The Tweens look like they will have a lot in common with the 20s and 30s though. Both ages were wowed by life changing technologies. In a month we’re going to get the Apple iSlate, and soon DVDs will go the way of the buggy whip. In the 20s and 30s folks got electricity in the house and along with it a bunch of spiffy new devices, like a washing machine for your clothes (turn a 12 hour job into a 4 hour job!), an electric iron, and miracle of miracles, the radio — an amazing way to communicate with people thousands of miles away. (Pity the poor sheet music industry that went belly up when people replaced their home entertainment console — the piano — with a swell new radio.)
Tanya O’Debra has synthesized our nostalgia for the Greatest American Age with a clever wink at our current technological obsessions in her nifty new one woman, one act play “Radio Star” at The Red Room on West 4th street.
The Red Room is a tiny black box theater up the stairs from KGB bar. The stage is set with a vintage mic, a bar stool, and a table strewn with some incongruous technical apparatuses. The sound man, J. Lincoln Hallowell, Jr., looking very spiffy in a blazer and bow tie, sits behind the table and operates the tap shoes (to make the “man walking” sfx) and the white Apple Macbook, where the jingles and sounds created by Andrew Mauriello are stored. Ms. O’Debra does the voices for all characters.
As the title of the play implies, the story is secondary, tertiary, or lower in relation to the vibe being created. If you’ve seen The Maltese Falcon you know everything that’s going to happen in “Radio Star”. That’s not a spoiler, it’s the plain truth. The hard boiled private dick is pleasantly surprised by a beautiful client who walks through his door. Her husband has been murdered. Our man takes the case. It turns out she’s in on the racket, and our man barely escapes with the truth and his skin all in one piece. Plot innovations are not a reason to see this play.
Part of Ms. O’Debra’s genius is to blend clichés of hard-boiled, mystery-detective fiction with incongruous, usually technological elements of the present, as, for example, when Detective Nick McKittrick says, “a regular morning at the office for me is unlike what the average Joe deals with at work. You see, Joe hangs his hat and coat, takes a seat at his desk, opens up his typewriter and looks at Facebook all day while pretending to work. Not me.”
In another writer or another genre those touches could be merely cute or precious. Ms. O’Debra deals with the matter masterfully thanks to the other part of her genius: she is a whiz with the hard-boiled noir zinger. Noir / pulp fiction more than any other genre in the American literary tradition is based on clever similes and metaphors.
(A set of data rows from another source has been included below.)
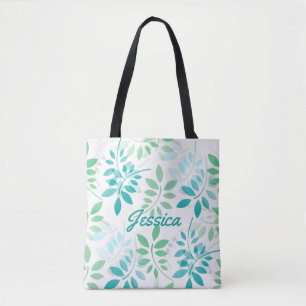 Bolso De Tela Hojas verdes azules
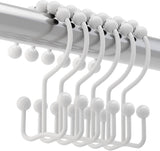 Titanker Shower Curtain Hooks Rings, Rust Resistant Metal Minimalist Simple Double Glide Shower Hooks for Bathroom Shower Rods Curtains, Set of 12 Hooks - Black
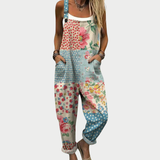 Regína | Virágmintás patchwork overall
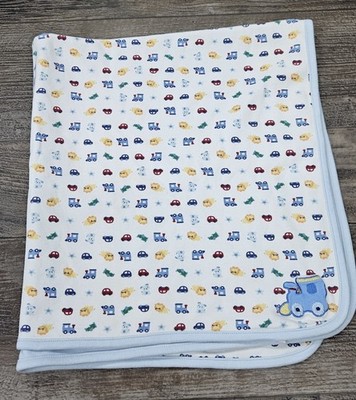 Child Of Mine Carter's Cotton Baby Blanket Blue Cars Trains Lions Reversible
Think of one-line gems like “hot as Georgia asphalt” and “she was sweating like a whore in church.” The fast talking, hard-boiled patter is what makes noir good. Like when Joel Cairo says to Sam Spade “You always have a very smooth explanation,” to which Spade replies, “What do you want me to do? Learn to stutter?”
Being retro and living in the age of irony Ms. O’Debra takes it to the proverbial “next level.” One of my favorites in Radio Star is “useful as a fishnet condom.” The image is so striking and apt in its context that I had an LOL moment. The play is littered with them. In truth, they are the golden threads out of which Ms. O’Debra weaves her satisfyingly funny and nostalgic send up. Nick McKittrick makes bad puns so compulsively that other characters have to step in to stop him:
NICK Strangled with a phone cord, eh? Sounds like someone needed to make a call pretty bad. Don’t worry, Mrs. LaRue. I’ll get this creep on the line. Murder is no way to operate. That cat dialed a wrong number. He better get used to calling long distance.
FANNY LARUE Are you through?
NICK One more. When I’m through with him, the only ringing he’ll hear is the sound of keys on the jailer’s belt. His digits–
FANNY LARUE Ahem!
NICK Sorry. Where did you say this crime scene was painted?
And Ms. O’Debra has a special gift for dirty double entendre, as in Detective Nick’s opening speech: “New York City. Hell of a town. One minute you’re on top of the world, smoking Cubans at El Morocco with a doll on each arm, the next minute you’re waking up in a bathtub full of ice and your kidneys have left you for another man. With action like that, there are plenty of places where people want to stick their noses, but they just don’t know how. That’s where I come in. Nick McKittrick. Private Dick. Twenty-five bucks a day, and I’ll stick my nose into anything from the deepest crack to the tightest crevice to sniff out your hidden booty.”
“Radio Star” is great way to spend an hour and $15. Check it out. You’ll laugh, you’ll save hot dough by not seeing a turgid drahma on Broadway, and you will be thoroughly entertained.